Perhaps it cannot be all that bad. We are growing at 7 per cent. But this has made your government shockingly complacent. This growth is a testament to the resilience and perseverance of the Indian people, who are finding ways of innovating. But there are two reasons for worry. First, as you know, employment elasticity of capital-based growth is falling globally. India needs to grow faster if it is to absorb the countless aspiring young men and women trying to make something of themselves. Second, all of the things we now need to do for a more participatory economy — health, education, infrastructure, building cities, research and development, water, energy — have long gestation periods. But time is of the essence. Our demography is giving us a short-term boost. Despite global uncertainty, this is a huge moment of opportunity for India. But this opportunity will not last, and if we miss this decade, we shall forever be condemned to poverty.

The political judgment reflected in your policies is inexplicable. FDI in retail may be a sound idea. But it is hard for you to sell it with any degree of conviction. It is apparent to everyone that retail FDI is not backed by a will to reform. It is a low-hanging fruit plucked by a desperate government that has brought India's external economic balance to precariousness. It would have been easier to sell the idea after a Parliament session where your party had regained some credibility through legislative achievement. You place great stock in the land acquisition bill. But rather than working for its quick passage, your government again introduces distractions. In your rare parliamentary interventions you announce that the Lokpal will be a constitutional body, as if that elliptical statement substitutes for all the political hard work that needs to be done to get consensus on an effective bill. Will you invest political capital in these issues, or wave your hand as if it is the Congress's birth right to do whatever it pleases. There is no follow-through on anything.
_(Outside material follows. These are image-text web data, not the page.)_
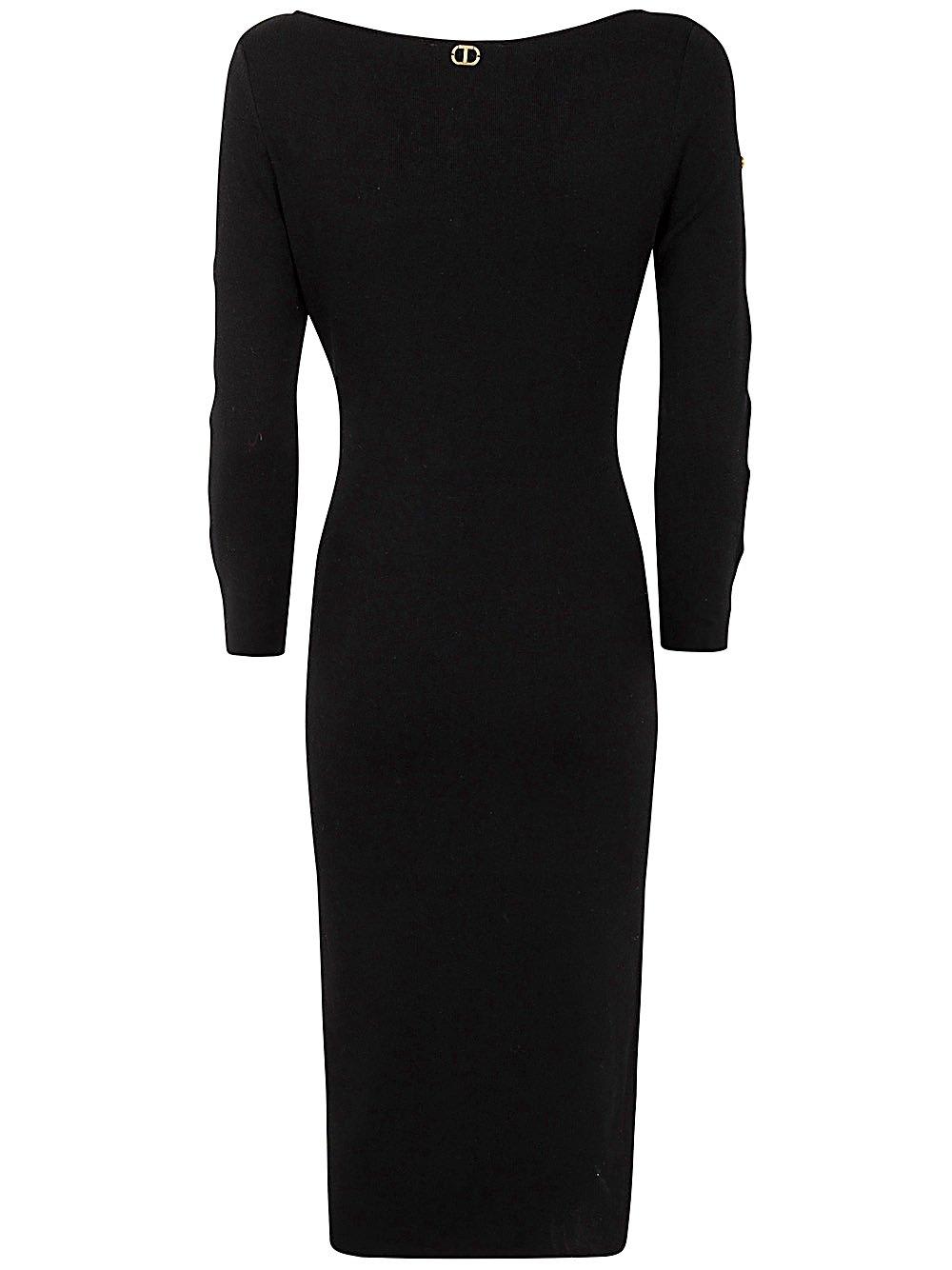 Shop Twinset Cut-out Stud Detailed Knit Midi Dress In Black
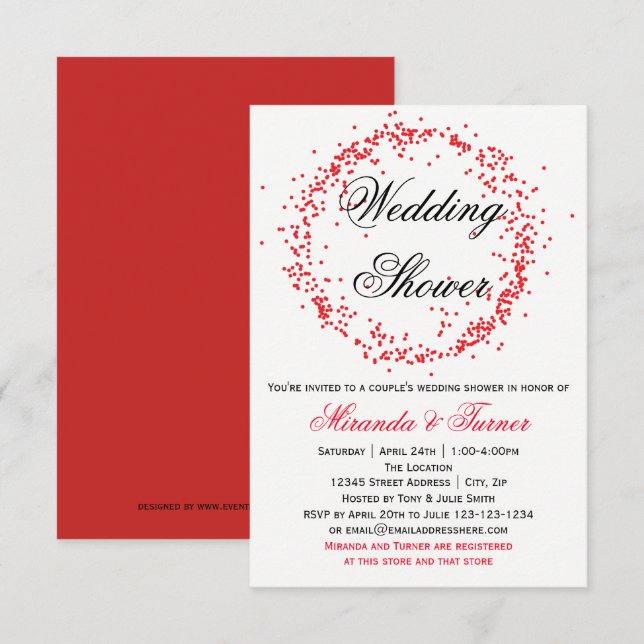 Invitación a ducha de matrimonio de la pareja roja (Anverso / Reverso)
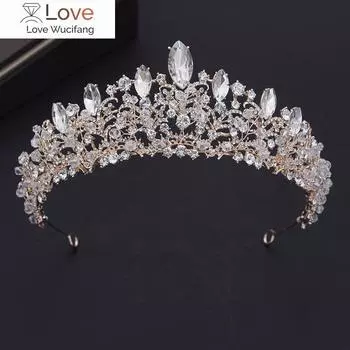 Роскошные бусины ручной работы, хрустальные диадемы, свадебная корона, свадебные украшения для волос, королевская диадема для невесты, головной убор, украшения для головы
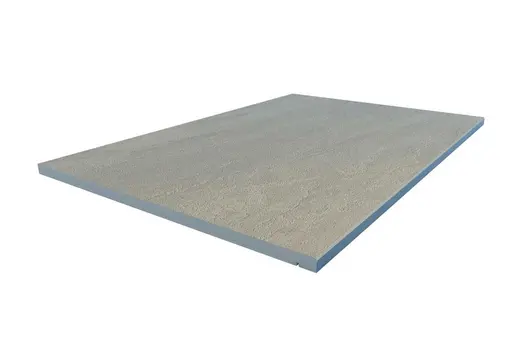 Render of a Raj Green porcelain paving used for Chamfered step, showcasing the 5mm Chamfered edge.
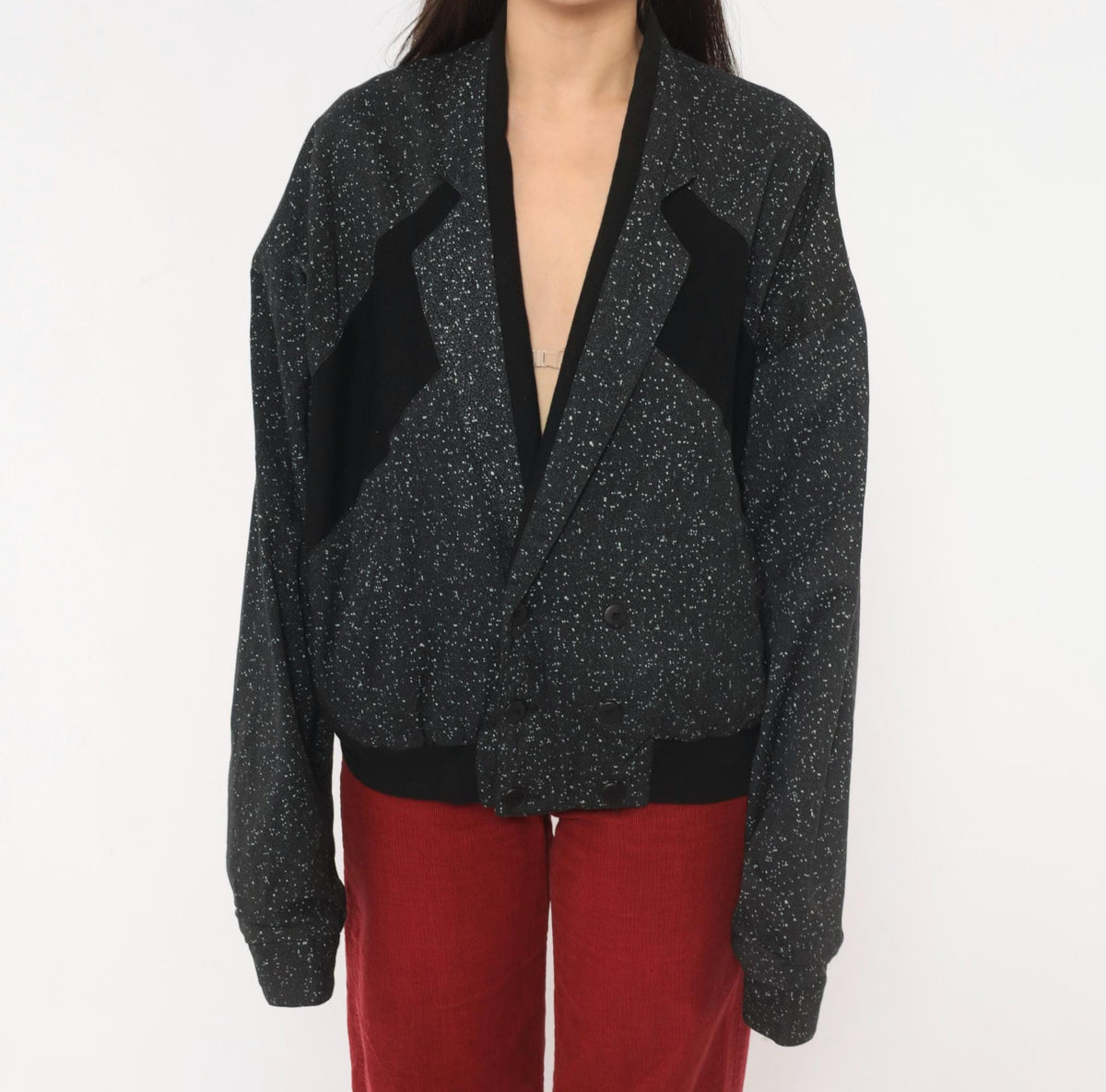 90s Code Zero Black Cotton Bomber Jacket White Speckled Notched Lapel Large L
The use of state power by the Congress has been ruthless, the corrosion of public discourse unconscionable, and the anti-intellectualism mind-boggling. Mayawati may run a corrupt government. But she had the audaciousness of proposing the reorganisation of the state. You have waxed eloquent about the plight of Bundelkhand. Where are your arguments to this proposal that grants self-government to the region? You are faced with a potentially debilitating conflict over Telangana. Where do you see the future of Indian states and the place of mega cities like Hyderabad in them? You have focused attention on India's poor. But you appear to use the poor more than you want to trust their agency. Most citizens of India understand that we need to build the state in the right places. What they do not understand is waste in the name of welfare, centralisation in the name of accountability, and bureaucratic power in the place of innovation. Rather than engage on pathways out of poverty, your government seems to want to douse them with noblesse oblige. India needs more social programmes. But the way in which your government designs them, presumably with your imprimatur, ensures that they will not meet their objectives. Your party is trapped in two illusions. First, governance and politics are different issues. Second, only those policies that specifically address poor people affect the poor. You wreck the macro-economy in the name of the poor, and then cheat the poor because you refuse to govern.
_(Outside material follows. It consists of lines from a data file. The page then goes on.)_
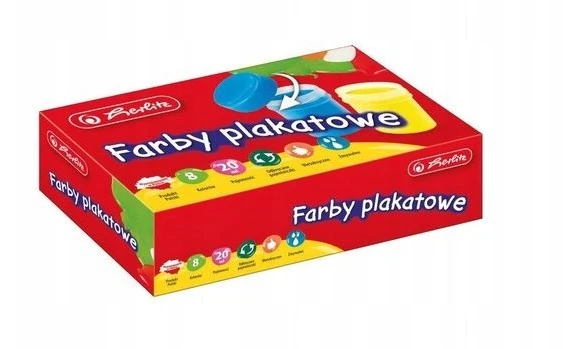 Herlitz plakato dažai, 8 spalvos, 20ml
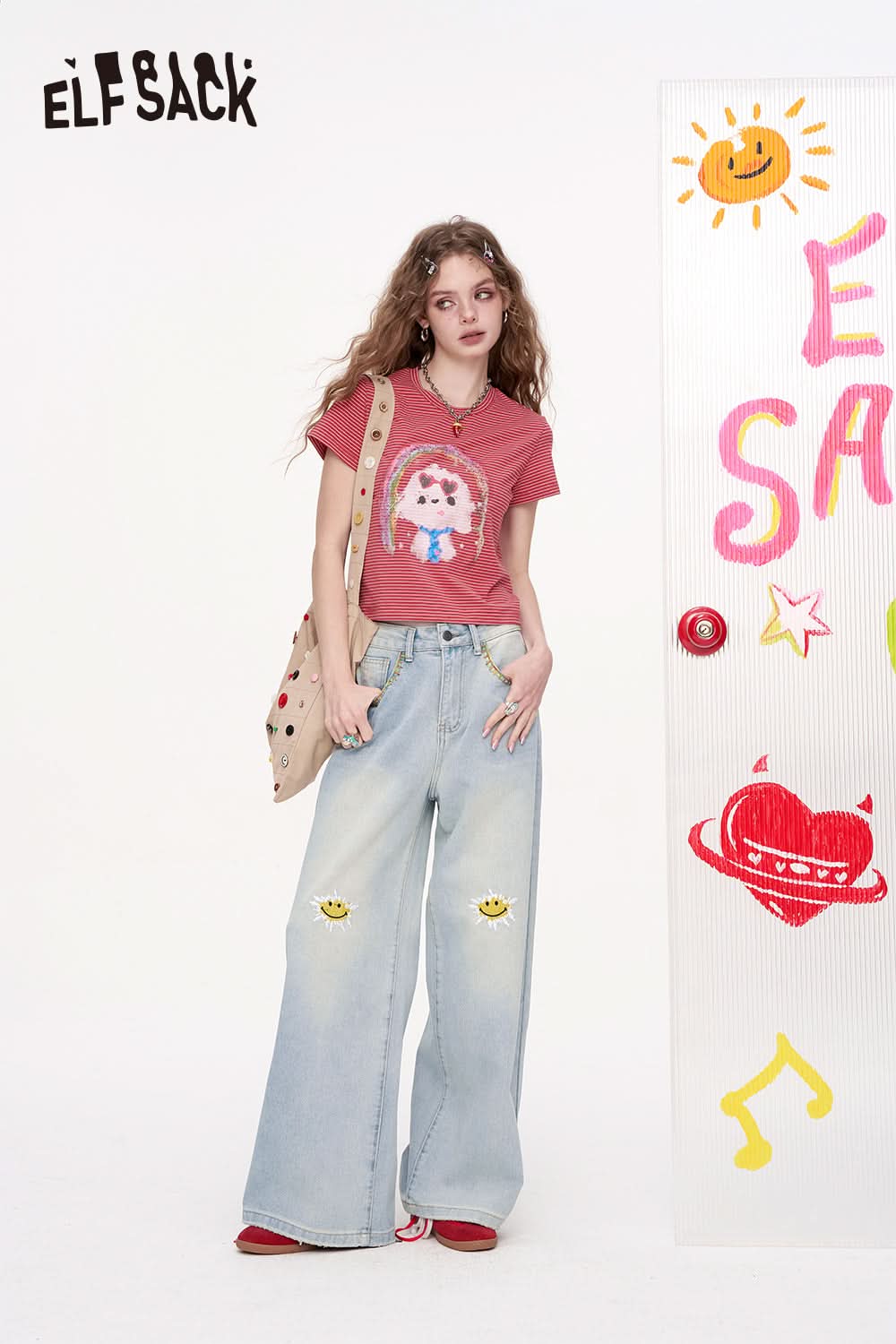 ELFSACK Smiling Face Embroidery Loose Straight Leg Wide Leg Jeans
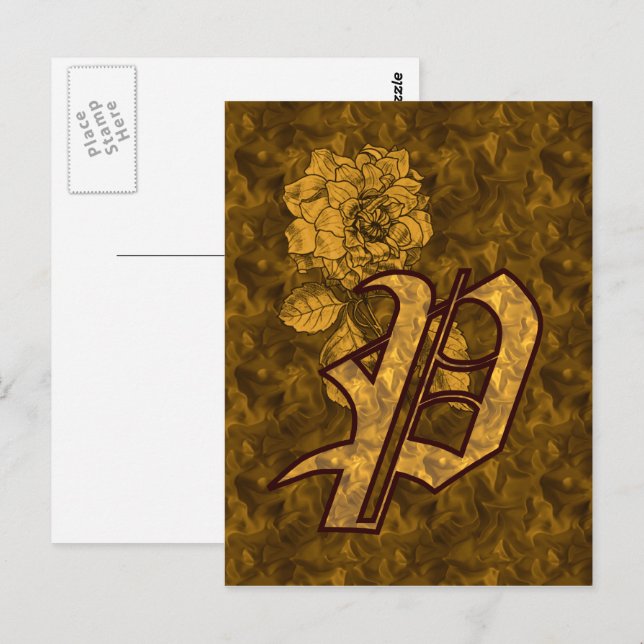 Carte Postale Monogramme Initiale P Élégante Fleur de Pivoine en (Devant / Derrière)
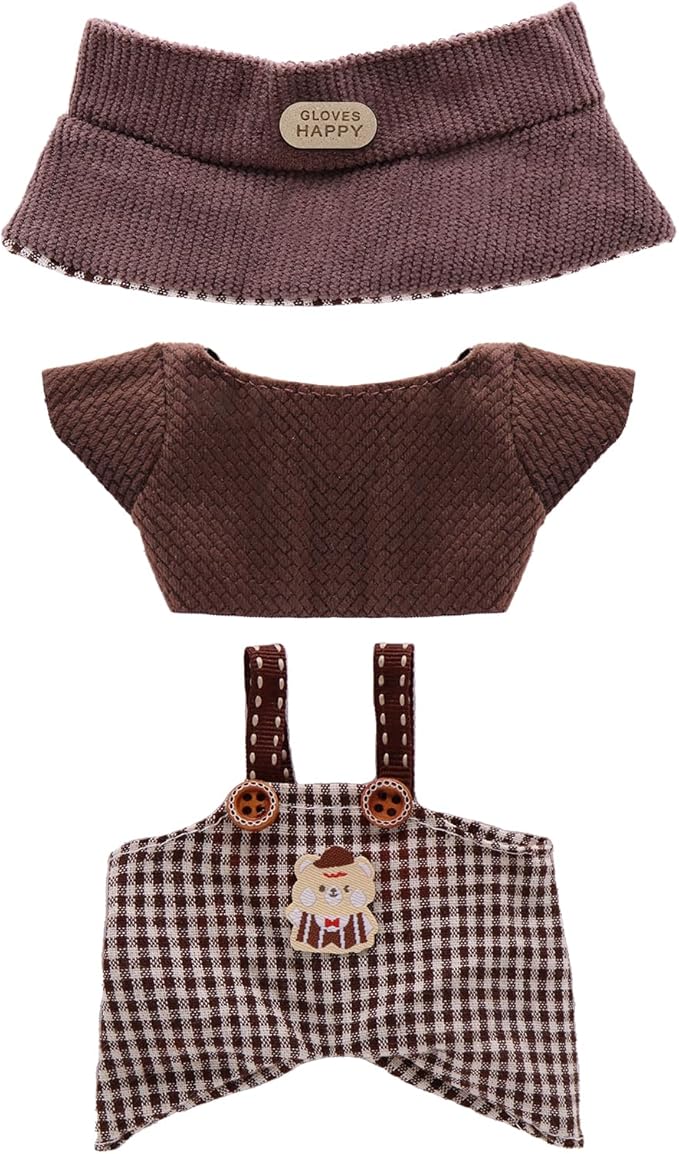 Clothes for Labubu, Doll Outfit Accessories Designed for 15 & 17cm Labubu (Retro Plaid)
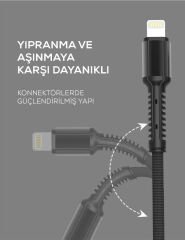 Zore LS63 1 Metre Örgü Lightning Usb Kablo
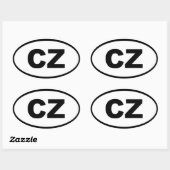 チェコ共和国 – CZ – ヨーロッパ 楕円形シール (シート)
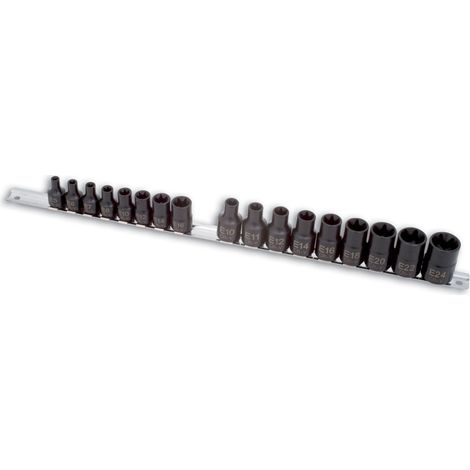 BUSSOLE TORX FEMMINA DA E5 A E24 3/8 E 1/2 17 PEZZI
Our generation — those of us in our forties — has a historical responsibility like no other. The preceding generations struggled against great odds. Ours is the first genuinely post-colonial generation in this sense: the outside world cannot hold us down. Ours is the first generation that began to genuinely feel that India need not remain impoverished. But our window of opportunity is small. What does it say about your leadership that both those sentiments now seem to be on shaky foundations? That subtlest of things on which nations are made — self-belief — is fast eroding. Great leadership converts ordinary talent into something exceptional, constraint into opportunity. Your party diminishes talent, converts opportunity into constraint. Your party-building efforts are needed. But will the party be built on the ruins of the nation?